僕の一念多念論

2022/4/1 | 投稿者: 鹿苑院

念仏者にとって必ず一度は突き当たるのが一念多念の問題である。
たった一度念仏を唱えるだけで阿弥陀仏は救ってくださるというのが一念、何度も唱えて極楽行きポイントを貯めないと救われないというのが多念である。

阿弥陀仏の大いなる慈悲を信じるならば一念の方が理に適っているが、しかし法然上人は一日に六万回念仏を唱えていたという。一念で救われるのならなぜそれ以上唱え続ける? ……では多念が正しいのかと言われるとそうも言っていない。
およそ念仏宗では信と行が二本柱となるが、「信を一念に置き、行を多念に励むべし」という玉虫色の教えだけが残っている。

浄土真宗ではこの問題、一念を唱える気になった時に救いが成立する、その後の念仏は阿弥陀仏への感謝の表現という理論で見事に解決しているのだが、他の宗派の思想も比べてみるとなかなか勉強になる。

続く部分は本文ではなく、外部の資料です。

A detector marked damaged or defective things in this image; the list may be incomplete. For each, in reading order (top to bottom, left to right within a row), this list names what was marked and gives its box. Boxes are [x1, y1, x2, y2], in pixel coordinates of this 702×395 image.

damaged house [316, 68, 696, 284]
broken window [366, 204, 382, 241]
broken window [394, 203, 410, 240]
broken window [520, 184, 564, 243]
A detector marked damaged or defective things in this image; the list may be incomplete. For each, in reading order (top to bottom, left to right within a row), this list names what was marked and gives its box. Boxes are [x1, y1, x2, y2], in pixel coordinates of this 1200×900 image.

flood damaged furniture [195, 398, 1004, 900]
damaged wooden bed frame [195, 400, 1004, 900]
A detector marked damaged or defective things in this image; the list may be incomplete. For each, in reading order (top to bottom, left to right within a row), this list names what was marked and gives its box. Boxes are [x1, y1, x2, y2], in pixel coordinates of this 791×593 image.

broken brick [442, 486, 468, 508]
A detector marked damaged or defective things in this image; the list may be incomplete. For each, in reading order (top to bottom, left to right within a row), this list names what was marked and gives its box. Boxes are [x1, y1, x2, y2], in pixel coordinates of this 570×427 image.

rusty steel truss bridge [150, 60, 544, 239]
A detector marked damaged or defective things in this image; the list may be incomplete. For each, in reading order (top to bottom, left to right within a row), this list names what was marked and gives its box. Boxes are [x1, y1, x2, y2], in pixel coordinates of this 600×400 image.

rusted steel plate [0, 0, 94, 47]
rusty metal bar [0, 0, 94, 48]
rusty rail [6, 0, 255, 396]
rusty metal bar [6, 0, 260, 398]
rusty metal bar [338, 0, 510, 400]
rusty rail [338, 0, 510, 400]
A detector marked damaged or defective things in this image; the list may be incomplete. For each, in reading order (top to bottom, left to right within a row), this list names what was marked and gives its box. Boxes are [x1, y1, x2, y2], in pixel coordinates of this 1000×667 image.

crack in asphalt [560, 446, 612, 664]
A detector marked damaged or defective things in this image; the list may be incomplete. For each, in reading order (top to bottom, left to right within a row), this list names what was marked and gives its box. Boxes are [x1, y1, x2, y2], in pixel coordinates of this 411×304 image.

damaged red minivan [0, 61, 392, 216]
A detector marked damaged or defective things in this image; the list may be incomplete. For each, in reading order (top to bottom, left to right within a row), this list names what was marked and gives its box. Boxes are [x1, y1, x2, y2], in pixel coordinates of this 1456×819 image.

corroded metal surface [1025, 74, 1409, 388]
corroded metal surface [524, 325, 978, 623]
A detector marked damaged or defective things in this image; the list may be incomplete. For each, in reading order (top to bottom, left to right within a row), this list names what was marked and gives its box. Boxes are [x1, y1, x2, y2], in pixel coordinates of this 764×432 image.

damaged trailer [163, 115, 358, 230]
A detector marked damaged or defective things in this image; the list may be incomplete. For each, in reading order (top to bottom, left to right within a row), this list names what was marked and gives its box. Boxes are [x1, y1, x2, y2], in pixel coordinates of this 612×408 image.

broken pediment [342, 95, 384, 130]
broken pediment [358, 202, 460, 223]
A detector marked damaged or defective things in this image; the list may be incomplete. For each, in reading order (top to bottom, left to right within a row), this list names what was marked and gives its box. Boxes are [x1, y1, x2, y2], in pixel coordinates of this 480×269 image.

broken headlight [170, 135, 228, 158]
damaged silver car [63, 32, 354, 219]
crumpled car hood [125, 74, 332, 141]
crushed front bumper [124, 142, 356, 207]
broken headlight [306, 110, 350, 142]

いま浄土宗と呼ばれる宗派は正確には鎮西義白旗派を指す。その教えは完全な多念義であり、何回念仏を唱えればいいかはその人の素質によって違うからとにかく命ある限り念仏を唱えまくりましょうという。
僕が最近注目しているのは同じ鎮西義でも名越派なのだが、こちらは一念での極楽往生決定を説く。ただし純粋な一念義のようにその後の念仏をするなとか必要が無いとは言わず、救われた後も念仏を唱えることを勧める。

僕の出した結論は、「一念で往生は決定する。その後の念仏は信の相続のため」というものだ。実はこの結論を出したのとほぼ同時期に名越派を知り、自分の思想とピッタリなので驚いた。
そのうえ名越派は善光寺・聖徳太子信仰とも深い繋がりがあるのだから、ますます僕にピッタリではないか。

名越派と白旗派はかつては激しい論争もしたが、今は合併して一つの「浄土宗」である。名越派とて知恩院や増上寺を本山と仰ぐ。白旗派の思想には賛同しづらいが知恩院や増上寺や徳川家が好きな僕には嬉しい。